Results of the 5.984 experiments were analyzed and compared with a golden run. A summary is shown in Table III.

TABLE III. PRELIMINARY EXPERIMENT RESULTS

| Dormant faults |              |                     | 5.680 |
|----------------|--------------|---------------------|-------|
| Active faults  | Detected     | 32                  |       |
|                | Not Detected | Safe                | 268   |
|                |              | Potentially harmful | 4     |

The faults classified as potentially harmful produced an unexpected pulse amplitude setting while the therapy was being delivered. If the new amplitude is greater than the correct one, there could be adverse effects.

For that reason, these 4 faults were individually analyzed in order to check the amplitude that was being set. The analysis showed that even though the function that set the amplitude was called improperly, the amplitude was finally set with the correct value.

Based on the obtained results, 5,1 % of the injected faults produced misbehaviors in the system. Only a 0,07 % provoked a potentially harmful misbehavior; however, after analyzing them in detail, it was verified that they are not risky.

The set of faults taken into account during the experiment totalizes 3,56 % of the fault space (considering only the stuckat faults in program memory).

#### V. CONCLUSIONS

Two IP modules, a saboteur and an event recorder, were developed for low cost fault injection on small processor-based embedded systems.

Both modules were successfully used to perform fault injection experiments on a prototype of an implantable pulse generator under development.

Preliminary results of a fault injection campaign for permanent faults in program memory were presented.

The saboteur provides a flexible solution for fault injection in memory and interconnection buses, both for SEUs and permanent stuck-at faults.

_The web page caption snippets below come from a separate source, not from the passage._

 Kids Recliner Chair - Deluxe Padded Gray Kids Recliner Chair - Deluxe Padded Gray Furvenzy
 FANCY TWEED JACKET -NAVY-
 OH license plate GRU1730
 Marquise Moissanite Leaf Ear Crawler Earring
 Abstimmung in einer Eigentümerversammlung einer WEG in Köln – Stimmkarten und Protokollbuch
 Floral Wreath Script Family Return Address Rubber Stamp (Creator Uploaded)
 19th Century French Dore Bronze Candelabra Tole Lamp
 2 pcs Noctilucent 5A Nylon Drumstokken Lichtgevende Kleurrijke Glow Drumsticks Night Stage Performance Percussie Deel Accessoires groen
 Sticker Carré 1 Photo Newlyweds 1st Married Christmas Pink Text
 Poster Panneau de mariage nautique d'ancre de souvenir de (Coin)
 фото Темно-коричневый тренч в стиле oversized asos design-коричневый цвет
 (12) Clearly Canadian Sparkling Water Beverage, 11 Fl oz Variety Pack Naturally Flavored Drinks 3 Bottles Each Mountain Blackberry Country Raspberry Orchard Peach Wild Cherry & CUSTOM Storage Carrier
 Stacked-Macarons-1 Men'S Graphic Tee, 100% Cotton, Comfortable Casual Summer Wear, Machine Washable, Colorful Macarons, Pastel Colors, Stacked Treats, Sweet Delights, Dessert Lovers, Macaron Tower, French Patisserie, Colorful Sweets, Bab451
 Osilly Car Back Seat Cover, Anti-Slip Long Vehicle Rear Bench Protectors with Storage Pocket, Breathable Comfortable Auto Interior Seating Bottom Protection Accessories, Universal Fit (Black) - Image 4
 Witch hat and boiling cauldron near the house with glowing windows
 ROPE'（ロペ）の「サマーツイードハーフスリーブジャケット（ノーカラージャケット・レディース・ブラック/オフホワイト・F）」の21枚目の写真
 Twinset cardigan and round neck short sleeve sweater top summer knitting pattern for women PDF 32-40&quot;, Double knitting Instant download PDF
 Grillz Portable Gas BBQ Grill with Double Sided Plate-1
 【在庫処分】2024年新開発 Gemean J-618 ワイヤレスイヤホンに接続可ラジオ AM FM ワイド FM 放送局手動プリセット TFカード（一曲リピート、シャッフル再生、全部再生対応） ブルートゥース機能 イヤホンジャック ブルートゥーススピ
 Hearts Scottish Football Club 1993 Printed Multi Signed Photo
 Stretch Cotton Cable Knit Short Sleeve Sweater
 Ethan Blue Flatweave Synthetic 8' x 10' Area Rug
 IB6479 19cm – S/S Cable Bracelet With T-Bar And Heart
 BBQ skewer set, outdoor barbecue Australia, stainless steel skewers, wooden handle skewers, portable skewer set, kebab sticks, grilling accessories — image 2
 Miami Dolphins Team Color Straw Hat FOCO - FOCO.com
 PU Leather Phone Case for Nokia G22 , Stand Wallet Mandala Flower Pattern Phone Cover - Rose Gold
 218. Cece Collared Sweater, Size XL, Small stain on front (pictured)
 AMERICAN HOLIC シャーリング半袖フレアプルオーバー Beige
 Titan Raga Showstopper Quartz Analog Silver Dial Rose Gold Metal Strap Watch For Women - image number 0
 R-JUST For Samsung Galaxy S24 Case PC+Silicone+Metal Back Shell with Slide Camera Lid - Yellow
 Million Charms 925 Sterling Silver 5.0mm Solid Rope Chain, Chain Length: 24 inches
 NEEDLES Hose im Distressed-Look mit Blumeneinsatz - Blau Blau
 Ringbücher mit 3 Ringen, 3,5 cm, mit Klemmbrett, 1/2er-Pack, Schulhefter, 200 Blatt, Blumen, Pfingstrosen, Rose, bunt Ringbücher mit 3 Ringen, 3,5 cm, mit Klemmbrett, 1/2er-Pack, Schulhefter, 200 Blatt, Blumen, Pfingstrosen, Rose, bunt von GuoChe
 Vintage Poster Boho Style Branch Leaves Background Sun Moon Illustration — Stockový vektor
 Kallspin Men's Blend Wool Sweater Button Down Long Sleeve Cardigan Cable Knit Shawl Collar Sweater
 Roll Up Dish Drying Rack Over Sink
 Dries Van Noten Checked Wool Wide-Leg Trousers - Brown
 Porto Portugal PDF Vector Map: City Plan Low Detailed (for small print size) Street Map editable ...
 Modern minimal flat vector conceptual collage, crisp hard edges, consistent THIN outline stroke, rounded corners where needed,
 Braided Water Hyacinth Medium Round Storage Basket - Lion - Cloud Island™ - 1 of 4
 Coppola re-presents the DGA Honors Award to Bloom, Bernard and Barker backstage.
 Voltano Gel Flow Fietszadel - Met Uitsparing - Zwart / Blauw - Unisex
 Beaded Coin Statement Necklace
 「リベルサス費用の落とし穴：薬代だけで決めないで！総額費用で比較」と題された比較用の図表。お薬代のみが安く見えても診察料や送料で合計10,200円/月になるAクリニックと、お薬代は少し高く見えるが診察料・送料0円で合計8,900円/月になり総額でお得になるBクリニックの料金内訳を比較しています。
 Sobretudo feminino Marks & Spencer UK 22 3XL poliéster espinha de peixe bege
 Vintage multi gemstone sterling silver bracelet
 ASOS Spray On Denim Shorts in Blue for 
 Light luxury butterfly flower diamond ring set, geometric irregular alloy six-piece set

The event traces captured by the event recorder IP played a fundamental role to understand the faulty behavior for several faults and to determine if the faulty behavior can be harmful for the patient using the implantable device.

# References

- [1] J. Arlat, M. Aguera, L. Amat, Y. Crouzet, J.-C. Fabre, J.-C. Laprie, E. Martins, and D. Powell, "Fault injection for dependability validation: a methodology and some applications," IEEE Trans. Softw. Eng., vol. 16, no. 2, pp. 166–182, 1990.
- [2] Y. Yu and B. W. Johnson, "Fault Injection Techniques and Tools for Embedded Systems Reliability Evaluation," A. Benso and P. Prinetto, Eds. Kluwer, 2003, pp. 7–39.
- [3] P. Civera, L. Macchiarulo, M. Rebaudengo, M. S. Reorda, and M. Violante, "FPGA-based fault injection for microprocessor systems," in Proceedings 10th Asian Test Symposium, 2001, pp. 304–309.
- [4] E. Jenn, J. Arlat, M. Rimen, J. Ohlsson, and J. Karlsson, "Fault injection into VHDL models: the MEFISTO tool," in Proceedings of IEEE 24th International Symposium on Fault- Tolerant Computing, 1994, pp. 66– 75
- [5] J. Perez Acle, M. S. Reorda, and M. Violante, "Early, accurate dependability analysis of CAN-based networked systems," IEEE Des. Test Comput., vol. 23, no. 1, pp. 38–45, Jan. 2006.
- [6] J.-M. Daveau, A. Blampey, G. Gasiot, J. Bulone, and P. Roche, "An industrial fault injection platform for soft-error dependability analysis and hardening of complex system-on-a-chip," in 2009 IEEE International Reliability Physics Symposium, 2009, pp. 212–220.
- [7] ARM CoreSight On-chip Trace and Debug Architecture http://www.arm.com/products/system-ip/debug-trace/
- [8] J. Gaisler, E. Catovic, M. Isomaki, K. Glembo, and S. Habinc, "GRLIB IP core user's manual. Version 1.3.7 - B4144," 2014.
- [9] "SLAA263F-September 2005-Revised July 2015 Application Report -Advanced Debugging Using the Enhanced Emulation Module (EEM) With IAR Embedded Workbench 5.60," 2005.
- [10] O. Girard, "OpenMSP430," 2009.
- [11] OpenCores community for development of hardware IP cores as open source, http://opencores.org/
- [12] J. Basualdo, M. Vazquez, and F. Viera, "SATELITEST: Test de inyeccion de fallas en satelite ANTEL-SAT." Montevideo, p. 140, 2014.